Russia’s state-owned tech agency claims its first unicorn

Russia’s state-owned tech agency claims its first unicorn
The valuation of Russia's OCSiAl that produces carbon nanotubes has topped $1bn, making it a tech unicorn. / wiki
By Ben Aris in Berlin May 23, 2019

Russia’s state-owned tech agency Rosnano has claimed the first unicorn in its portfolio after the valuation of the producer of carbon nano-materials for industry called OCSiAl topped $1bn – the threshold for earning the “unicorn” moniker.

Rosnano head Anatoly Chubais announced on May 15 that OCSiAl  has become the first unicorn in the Rosnano portfolio. Rosnano was set up by the state to promote high tech investments in Russia and in particular has targeted nanotechnology.

However, the announcement has been controversial and Chubais was publically attacked by well known Russian economist Andrei Movchan who disputed the claim, reports The Bell. Movchan said that the value was an extrapolation from a private placement deal that does not give the company a realistic valuation.

“OCSiAl is our first company that passed the market cap of $1bn. This is a unicorn by all the rules,” Chubais said at a press conference at the end of March. “The last transaction for the sale of the company's shares [...] was based on the price of $1bn.”

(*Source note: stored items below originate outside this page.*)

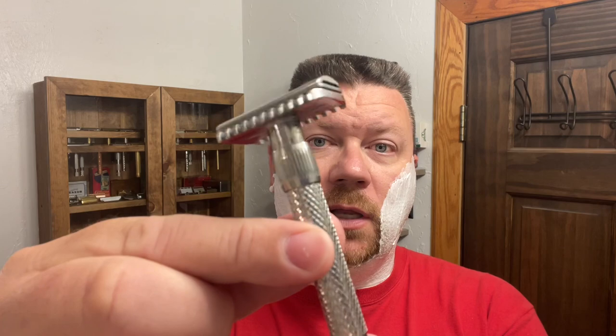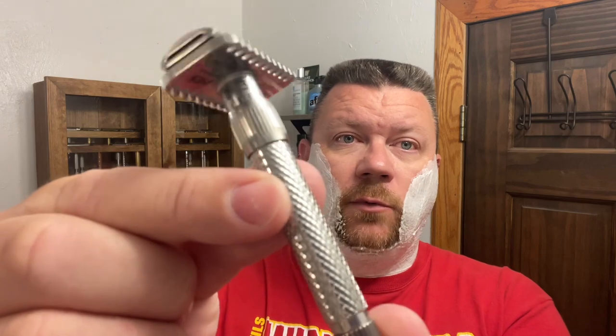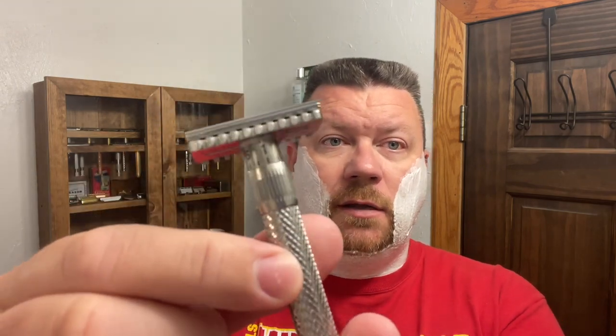I have a couple days worth of growth and we are going to mow that down today with the Home-Like Shaving Razor — it is the Tyga. I will display that here shortly. I forgot about this scent. I was thinking about this the other day — I know fall's coming and PAA is going to be releasing some of their seasonal stuff. This scent is something I use all year long. Here is the razor and I do have the open comb base on it. This is a three-piece razor.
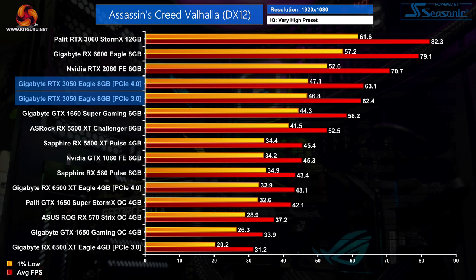The only other thing to mention before we get into it: in this video I'm focusing on 1080p performance, but we did also test 1440p. Those charts can be found in the written review over on kitguru.net, linked in the description. For now, let's get into the benchmarks, starting with Assassin's Creed Valhalla.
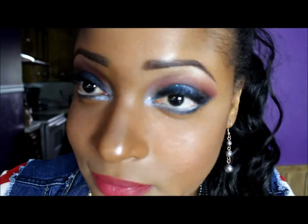I didn't want to go too traditional with the patriotic red, white, and blue. That's why I made it a little smoky and went with the wine color instead of red, because I know a lot of people are going to be doing red. I hope you guys enjoyed this look. Bye!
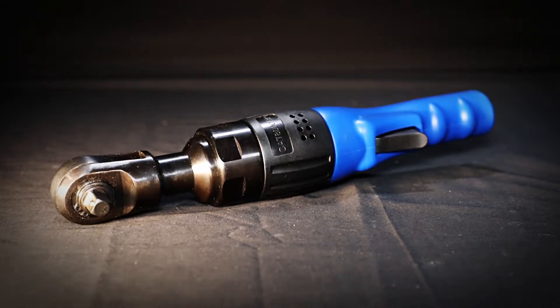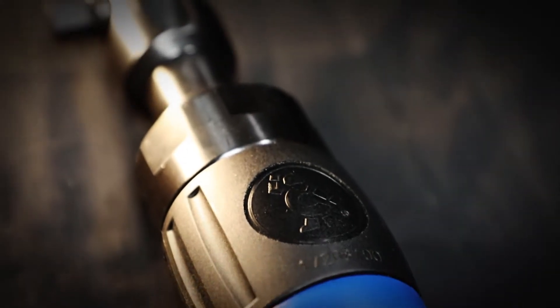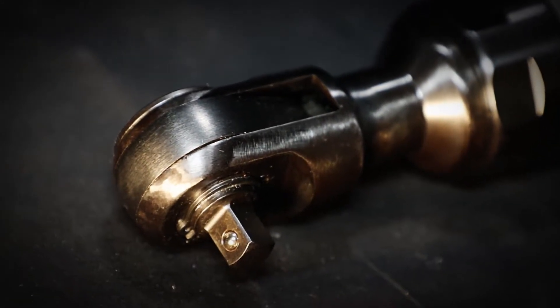Cornwell's air ratchets are a high quality choice for your jobs. This 3/8 drive air ratchet has specially designed full cage gearing, which increases durability and provides longer life.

Famous Russian financier Alexander Mamut’s A&NN holding was reportedly the counterparty in the deal and Mamut is well known as a highly successful tech investor. He bought a reported 0.5% in the company for $5mn from Rosnano, which implies a valuation of $1bn for the whole company, making it a unicorn.

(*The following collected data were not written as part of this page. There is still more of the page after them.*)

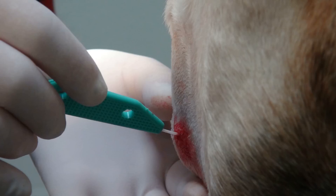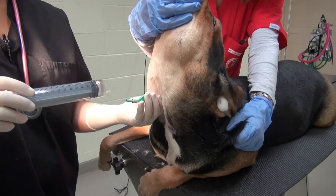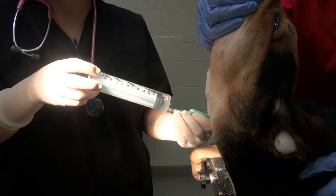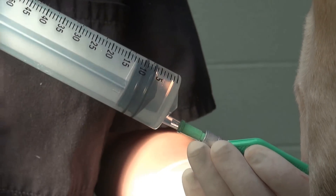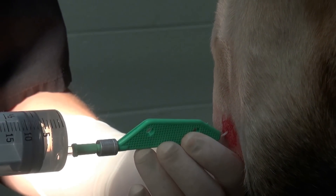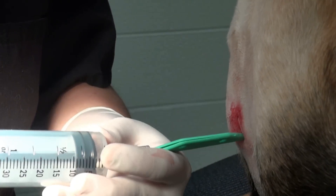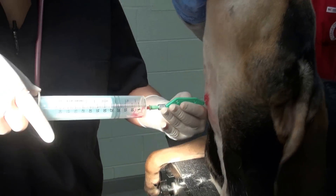Connect the syringe with saline to the catheter hub and perform the first injection of approximately 5 ml of saline in a large syringe. Inject the entire amount rapidly and immediately begin aspirating. If you have trouble injecting, the catheter may be kinked at the point of insertion. Pay attention to kinking at either the clamshell exit or skin entrance, straighten the junction, and then inject freely and immediately aspirate. If you can't aspirate, again check for kinks.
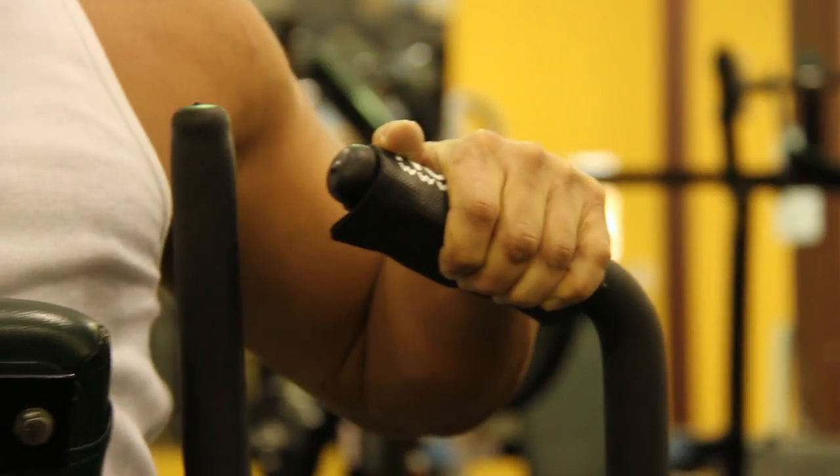No Chalk Wraps — the best way to enhance your lifting experience.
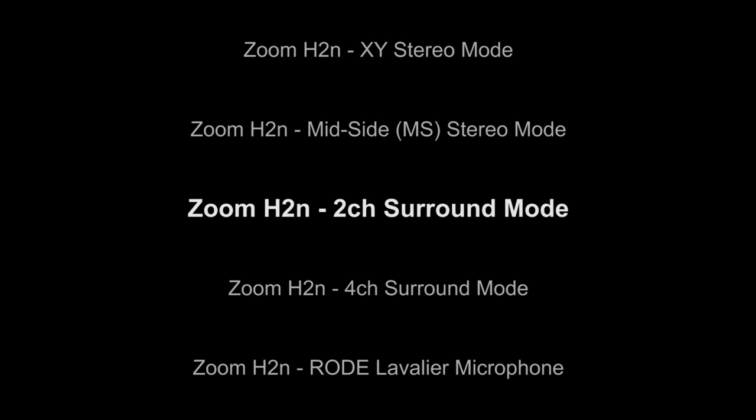This was recorded using the Zoom H2N with the internal microphone set to the 2 channel mode, which engages all the microphones all the way around the unit in 360 degrees, so it picks up sound from all directions. Testing 1, 2, 3, 4, 5. Testing 1, 2, 3, 4, 5.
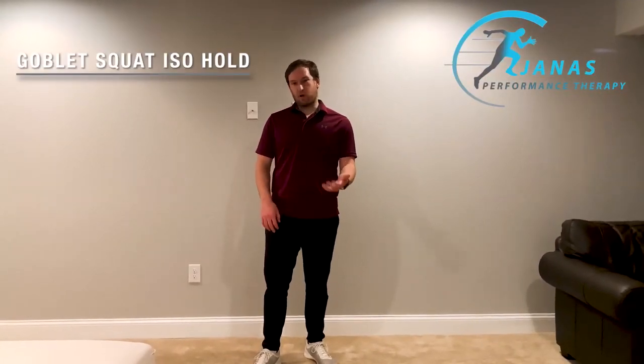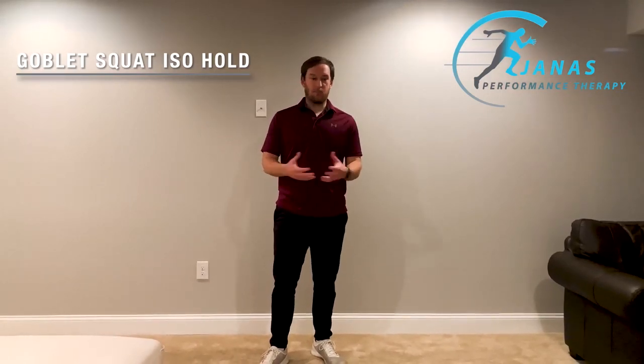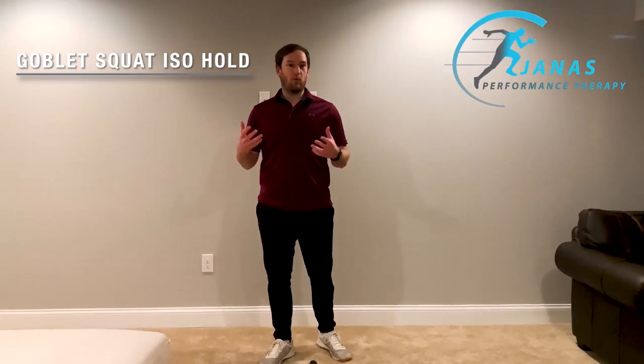Hey everybody, this exercise is a goblet squat iso hold. The purpose of this movement is for squat mobility before you do any type of front squat or back squat during your routine. This will be a good hip opener for you.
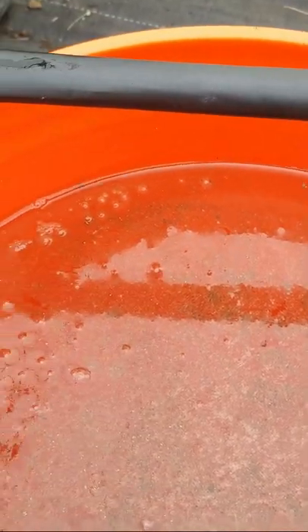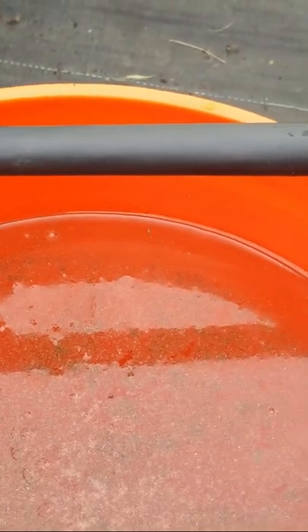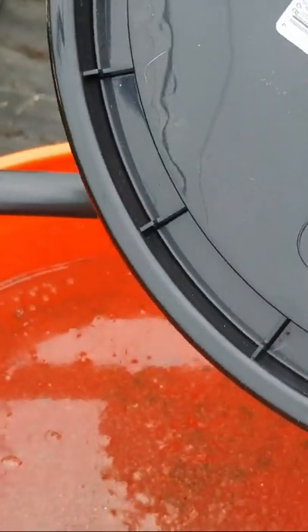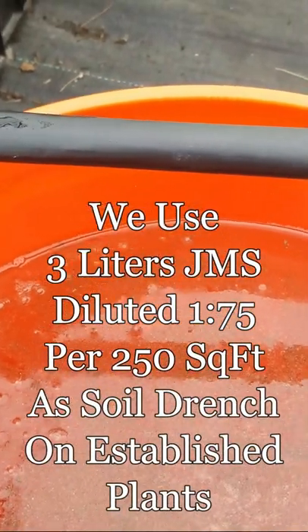We put that into a paint strainer bag and just basically gently massaged it into the water, then covered it with our lid, as you can see, and let it sit for 72 hours.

The row between Chubais and Movchan over the classification of the deal has stirred up a small scandal in Moscow where the two men have been trading barbs.

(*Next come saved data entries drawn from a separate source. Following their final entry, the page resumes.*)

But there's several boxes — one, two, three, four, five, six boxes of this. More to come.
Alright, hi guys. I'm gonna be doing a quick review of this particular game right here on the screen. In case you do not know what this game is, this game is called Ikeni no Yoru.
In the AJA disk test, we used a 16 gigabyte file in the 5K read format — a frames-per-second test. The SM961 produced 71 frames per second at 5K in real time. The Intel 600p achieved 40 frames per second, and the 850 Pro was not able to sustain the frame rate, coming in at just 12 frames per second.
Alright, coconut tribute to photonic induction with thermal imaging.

“The fact that there was only one person in the world, who was ready to pay a little bit of money for a few shares, and this person is not from the street, unfortunately does not say anything [about how much the company is actually worth],” Movchan wrote in a Facebook post aimed at Chubais.

Chubais countered that the investment was real and the price was agreed so the valuation is valid.

Novosibirsk entrepreneur and ex-banker Yuri Koropachinsky founded OCSiAl together with scientist Mikhail Predtechensky, who invented a procedure to produce single-wall graphene nanotubes on an industrial scale. These tubes, when added to other materials, should dramatically multiply their properties.

Graphene is a hexagonal carbon atom lattice that is a basic structural element in a number of other allotropes of carbon, including graphite, charcoal and nanotubes. Given the multiple carbon bonds that make up the lattice, a sheet of graphene is 100-times stronger than the toughest steel, as well as conducting electricity very well.

Rosnano invested about $20mn in the company and raised another $40mn from Eurobond issues.

Carbon nanotubes are called "the material of the future" and synthesised from graphene, which was isolated by Russian physicists Andrei Geim and Konstantin Novoselov in 2004. The pair received a Nobel Prize for their work in 2010.

In 2018, OCSiAl sold nanotubes worth $10mn to industrial clients, or a little less than half of the total volume produced by the company of 11.7 tonnes. The company has orders for 17 tonnes.

According to analysts at Future Markets, cited by Russian Forbes, at the end of last year OCSiAl accounted for 86% of world production and 95% of global sales of the nanotubes. The entire market is now estimated to be worth $200mn.